Par Harry Bellet Publié le 30 avril 2024
L’Académie de France à Rome présente quelque 180 œuvres d’artistes considérés comme marginaux, issues de la collection Bruno Decharme.
« Vous remarquerez que les petites filles nues dessinées par Henry Darger ont des zizis. Tout simplement parce qu’il n’en avait jamais vu autrement qu’habillées, et pensait qu’elles étaient faites comme les petits garçons. Voilà qui devrait suffire à éteindre les polémiques sur ses prétendues obsessions sexuelles… » Désarmant, Bruno Decharme : en trois phrases, il recadre son auditoire. L’art brut, dont il est un des plus importants collectionneurs au monde, n’est pas comme les autres.
Pourtant, il l’introduit au milieu d’un temple, comme on place le loup dans la bergerie : à l’Académie de France à Rome, la Villa Médicis, avec une exposition intitulée « Epopées célestes », 180 œuvres (il en a accumulé plusieurs milliers, dont 961 ont été données en 2021 au Centre Pompidou).

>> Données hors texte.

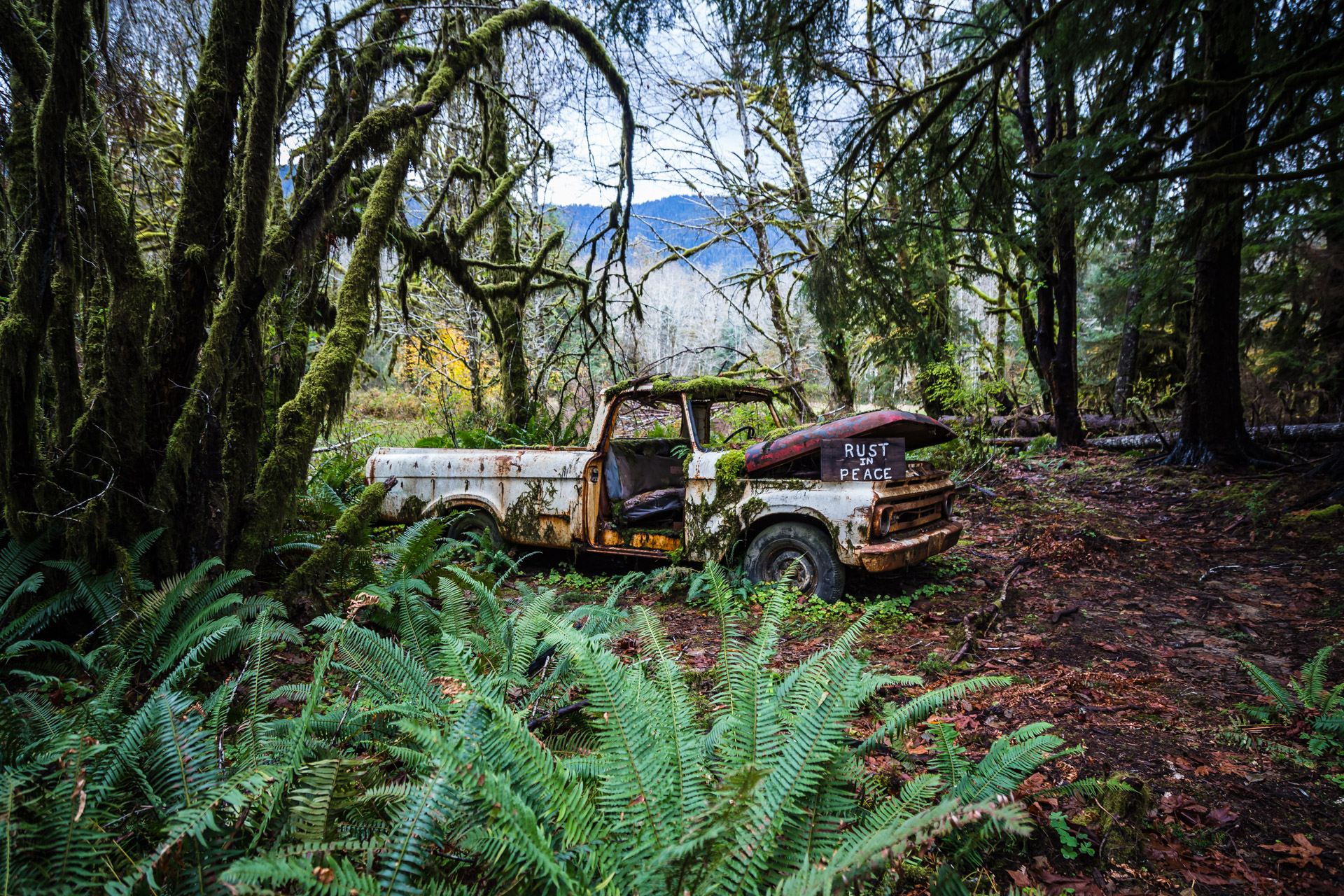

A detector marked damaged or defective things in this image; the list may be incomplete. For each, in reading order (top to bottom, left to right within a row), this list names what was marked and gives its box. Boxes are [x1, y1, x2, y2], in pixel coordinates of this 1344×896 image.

abandoned pickup truck [361, 375, 963, 599]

Et, tout en étant réticent – avec raison – à définir l’art brut, il tente cependant une classification dans son exposition et le catalogue qui l’accompagne : « Journaux du monde » ; « Anarchitectures » ; « Rencontres avec les fantômes » ; « Hétérotopies scientifiques » ; « “Je” est un autre » ; « Cartographies mentales » sont les six sections d’une exposition dont l’accrochage n’a pas dû être simple, placée qu’elle est dans l’escalier latéral de la villa, qui fut conçu pour être gravi à cheval…

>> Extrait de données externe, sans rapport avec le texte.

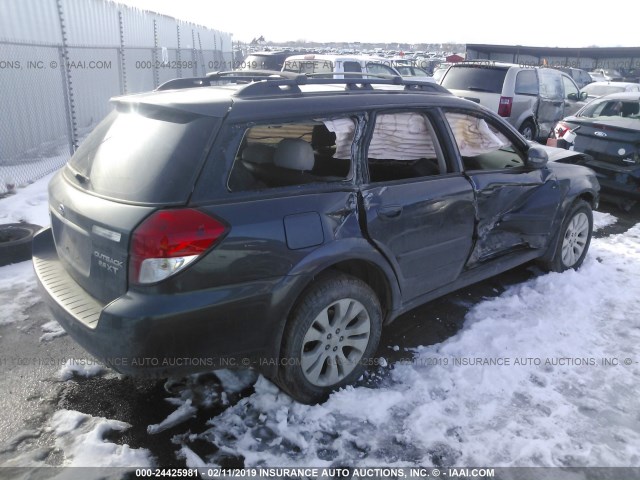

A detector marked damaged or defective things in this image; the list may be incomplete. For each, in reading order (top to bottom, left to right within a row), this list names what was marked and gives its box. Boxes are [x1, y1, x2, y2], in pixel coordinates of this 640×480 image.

shattered side window [444, 111, 524, 172]
parked wrecked vehicle [440, 62, 584, 141]
parked wrecked vehicle [544, 92, 640, 208]
damaged gray suv [32, 72, 596, 404]
parked wrecked vehicle [31, 71, 600, 404]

L’art brut est-il devenu un académisme ? Quand il le définissait vers 1945, Jean Dubuffet (1901-1985), un des premiers à le promouvoir, disait qu’il désignait la création de marginaux « indemnes de toute culture ». La collection Decharme est plus complexe. Y figurent, par exemple, un ingénieur des Ponts et Chaussées (Jean Perdrizet, 1907-1975), un universitaire (le biologiste Eugène Gabritschevsky, 1893-1979), un officier de marine membre de l’Académie des sciences (Gustave Pierre Marie Le Goarant de Tromelin, 1850-1920), et même un dessinateur et graveur académique (Fernand Desmoulin, 1853-1914), qui vivra deux ans durant une crise mystique avant de revenir sagement à sa production de salon.
Dessin sous influence
Ce qui unit la plupart d’entre eux, c’est ce dernier point. Paysans illettrés ou fils de famille, ils ont souvent eu des expériences spirites, se sont considérés comme visionnaires ou dessinaient sous influence, certains de songes, d’autres d’apparitions, les plus chanceux inspirés par des anges (Augustin Lesage, 1876-1954, y ajoutant la présence utile de Léonard de Vinci et d’un artiste anonyme de l’Egypte ancienne). Nombreux sont ceux qui ont été internés pour cela. Certains étaient des psychopathes avérés, la schizophrénie étant le cas le plus fréquent. D’autres de ceux que jadis on qualifiait de « simplet », ou d’« idiot du village », et qui étaient parfaitement intégrés à la vie communautaire. Sauf que tous avaient leur jardin secret : le dessin, pour la plupart, et plus rarement, mais spectaculairement, la photographie.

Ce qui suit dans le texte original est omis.